Guest

Cisco Unified Communications Manager (CallManager)

CUCM Publisher Node Restoration from Subscriber Database without Prior Backup or Root Access

Document ID: 116946

Updated: Dec 18, 2013

Contributed by Adam Frankel, Cisco TAC Engineer.

   Print

Introduction

This document describes how to restore the Cisco Unified Communications Manager (CUCM) publisher node from the subscriber database (DB) without prior backup or root access.

Background

In early versions of CUCM, the publisher node was regarded as the only authoritative source for the Structured Query Language (SQL) DB. Consequently, if a publisher node was lost due to a hardware failure or a file system corruption, the only way to recover it was to reinstall and restore the DB from a Disaster Recovery System (DRS) backup.

Some customers did not keep proper backups, or had backups that were out-of-date, so the only option was to rebuild and reconfigure the publisher server node. 

In CUCM Version 8.6(1), a new feature was introduced in order to restore a publisher DB from a subscriber database. This document describes how to take advantage of this feature in order to successfully restore a publisher DB from the subscriber.

Cisco strongly recommends that you keep a full Disaster Recovery Framework (DRF) backup of the entire cluster.
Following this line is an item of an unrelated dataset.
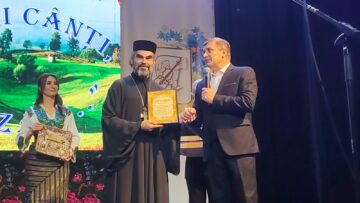 Pr. Mihai Cobziuc și prof. univ. dr. Ștefan Purici au primit titlul de „Omul Anului – 2025”, la Cernăuți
Since this process only recovers the CUCM DB configuration, other data, such as certificates, Music on Hold (MoH), and TFTP files, are not recovered. In order to avoid these issues, keep a full cluster DRF backup. 

Note: Cisco recommends that you review and be familiar with the entire process described in this document before you begin.  

Gather Cluster Data

Before you reinstall the publisher, it is critical that you gather the pertinent details about the previous publisher. These details must match the original publisher installation:

  • IP address
  • Host name
  • Domain name
  • Security passphrase
  • Exact CUCM version
  • Installed Cisco Options Package (COP) files

In order to retrieve the first three items in the list, enter the show network cluster command at the current subscriber node CLI:

admin:show network cluster
172.18.172.213 cucm911ccnasub1 Subscriber authenticated
172.18.172.212 cucm911ccnapub
Publisher not authenticated - INITIATOR
 since Tue Dec 3 12:43:24 2013172.18.172.214 cucm911ccnasub2 Subscriber
 authenticated using TCP since Sun Dec 1 17:14:58 2013

In this case, the IP address is 172.18.172.212, the host name is cucm911ccnapub, and there is no domain name configured for the publisher.   
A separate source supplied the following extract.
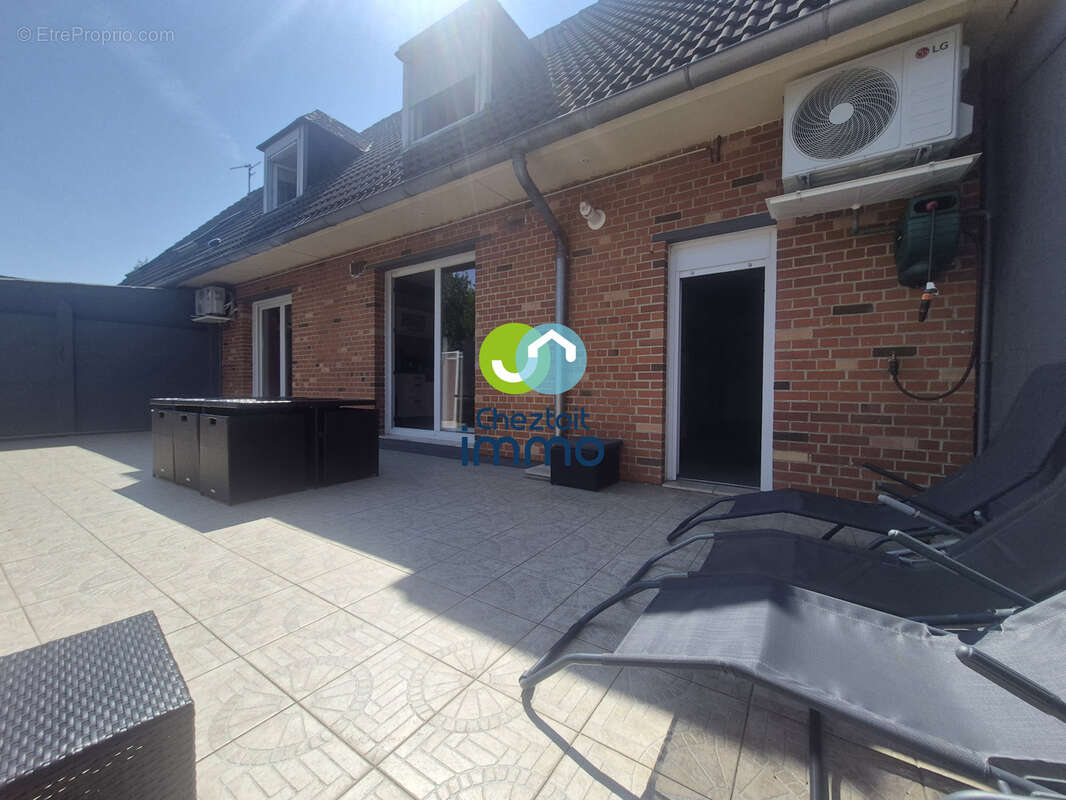 Maison 4 chambres jardin garage parking prive + dependance - photo 6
The security passphrase (the fourth item in the list) is retrieved from the site documentation. If you are unsure about the security passphrase, make a best-effort guess, and you can attempt to verify and correct it as needed based on the CUCM version. If the security passphrase is incorrect, then a cluster outage is required in order to correct the situation. 

In order to retrieve the exact CUCM version and the installed COP files (the last two items in the list), gather the system output from the show version active command:

admin:show version active
Active Master Version: 9.1.2.10000-28
Active Version Installed Software Options:
No Installed Software Options Found.

In this case, Version 9.1.2.10000-28 is installed with no add-on COP files. 

Note: It is possible that some COP files were previously installed on the publisher, but were not installed on the subscriber, and vice versa. Use this output as a guideline only.

Stop Replication on All Subscribers

When the publisher is installed, it is critical that replication does not set up and delete the current subscriber DBs. In order to prevent this, enter the utils dbreplication stop command on all subscribers:

admin:utils dbreplication stop
********************************************************************************
This command will delete the marker file(s) so that automatic replication setup
is stoppedIt will also stop any replication setup currently executing
********************************************************************************

Deleted the marker file, auto replication setup is stopped

Service Manager is running
Commanded Out of Service
A Cisco DB Replicator[NOTRUNNING]
Service Manager is running
A Cisco DB Replicator[STARTED]

Completed replication process cleanup

Please run the command 'utils dbreplication runtimestate' and make sure all nodes
 are RPC reachable before a replication reset is executed

Install the CUCM Publisher

Gather a bootable image of the appropriate version, and perform an install with an upgrade to the appropriate version.

Note: Most CUCM Engineering Special (ES) Releases are already bootable.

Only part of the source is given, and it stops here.